- Loudoun Heights Loudoun Heights Loudoun Heights
- Coordinates: 39°18′47″N 77°43′4″W﻿ / ﻿39.31306°N 77.71778°W
- Country: United States
- State: Virginia
- County: Loudoun
- Time zone: UTC−5 (Eastern (EST))
- • Summer (DST): UTC−4 (EDT)

= Loudoun Heights, Virginia =

Unincorporated community in Virginia, United States

Loudoun Heights is an unincorporated community in Loudoun County, Virginia, United States, near Purcellville and Harpers Ferry, West Virginia. It is located in the Between the Hills region of the county along Harpers Ferry Road (VA 671) and is bounded to its northwest and northeast by the Harpers Ferry National Historical Park on the Potomac River. The Blue Ridge and Short Hill Mountain border it to the west and east.

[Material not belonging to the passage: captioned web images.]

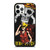 ONE PIECE LUFFY iPhone 12 Pro Case ONE PIECE LUFFY iPhone 12 Pro Case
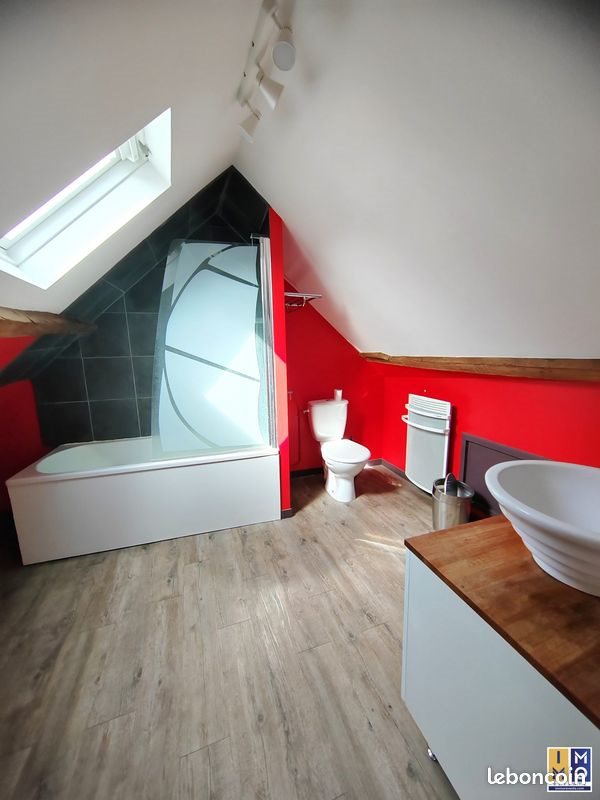 Maison à vendre, 63m², Bourges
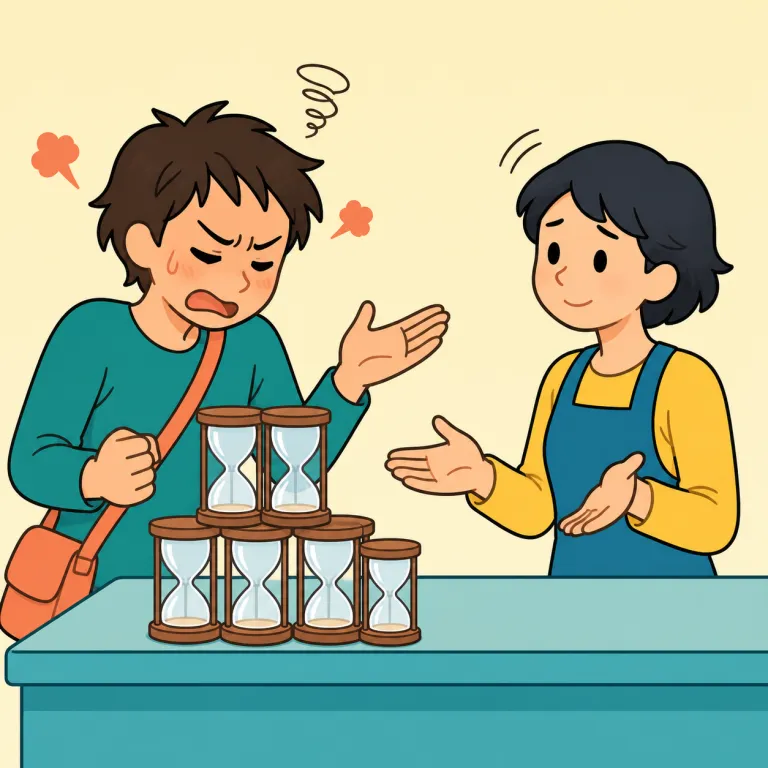 understandable（もっともな・adjective）の覚え方イラスト
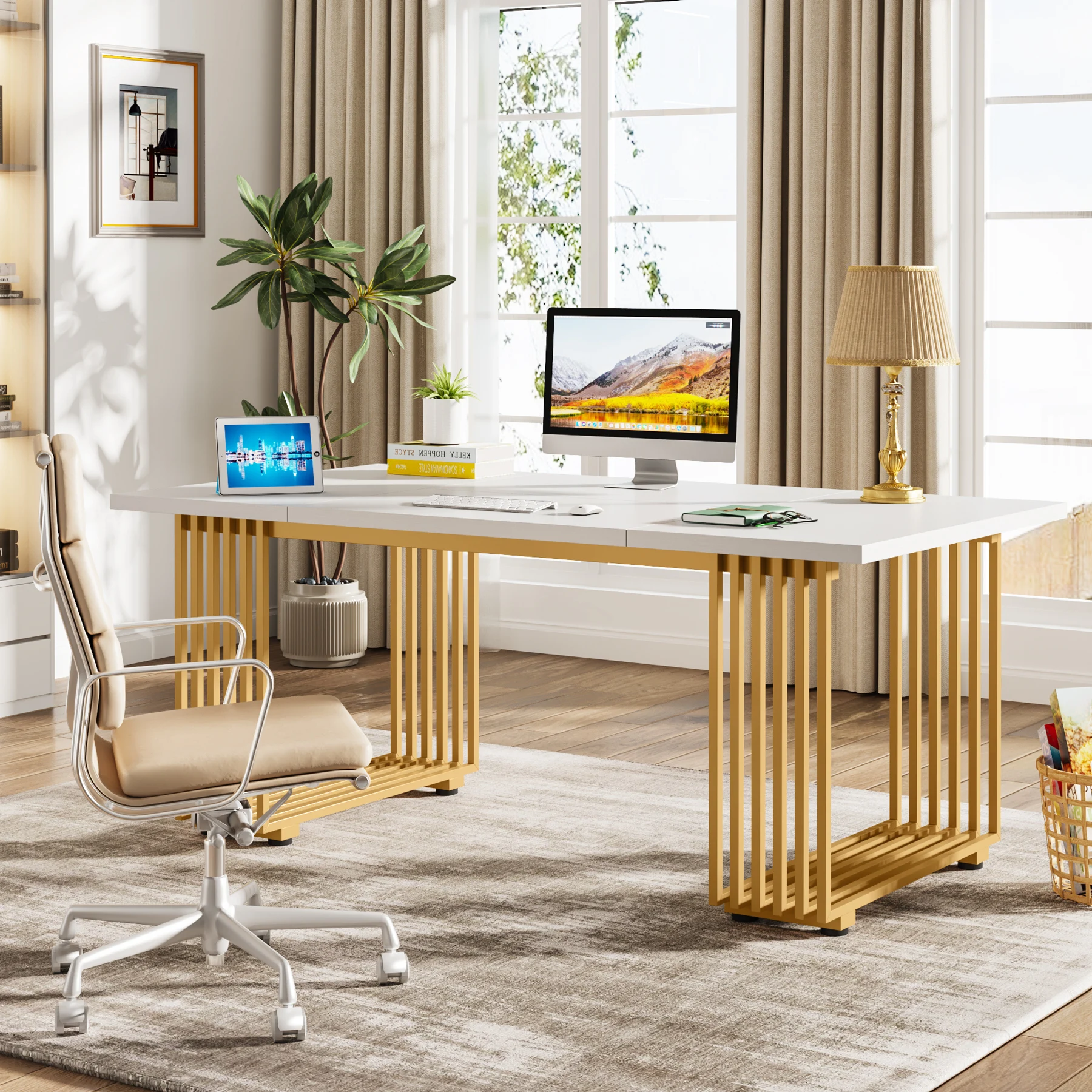 Desk Tavoli Per Ufficio Ikea Scrivania Angolare Scrivania Ikea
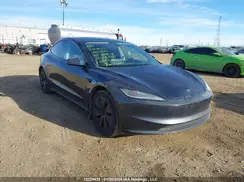 LRW3E7FA1RC090503 2024 TESLA MODEL 3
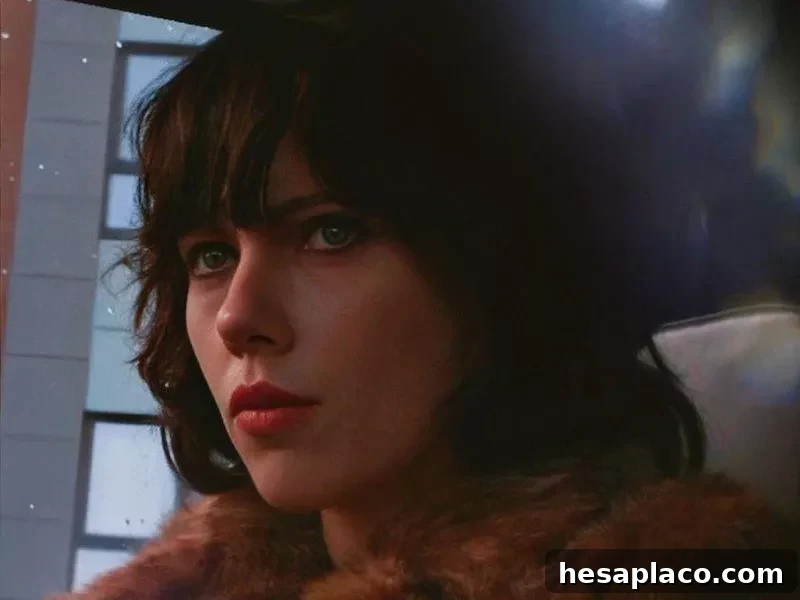 Under the Skin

Loudoun Heights overlooks Harper's Ferry, the steep bluff providing a clear view of the Shenandoah River below. Today the area is known for its recreational activities and challenging hiking trails.

==History==

This high ground was occupied by Confederate general John George Walker during the Battle of Harpers Ferry, September 12–15, 1862. Loudoun Heights was also the site of a night attack made on January 10, 1864, by Col. John S. Mosby's Rangers against Major Henry A. Cole's 1st Potomac Home Brigade Maryland Volunteer Cavalry. Mosby's attack failed and ended a long run of engagements between Mosby's Rangers and Cole's cavalry.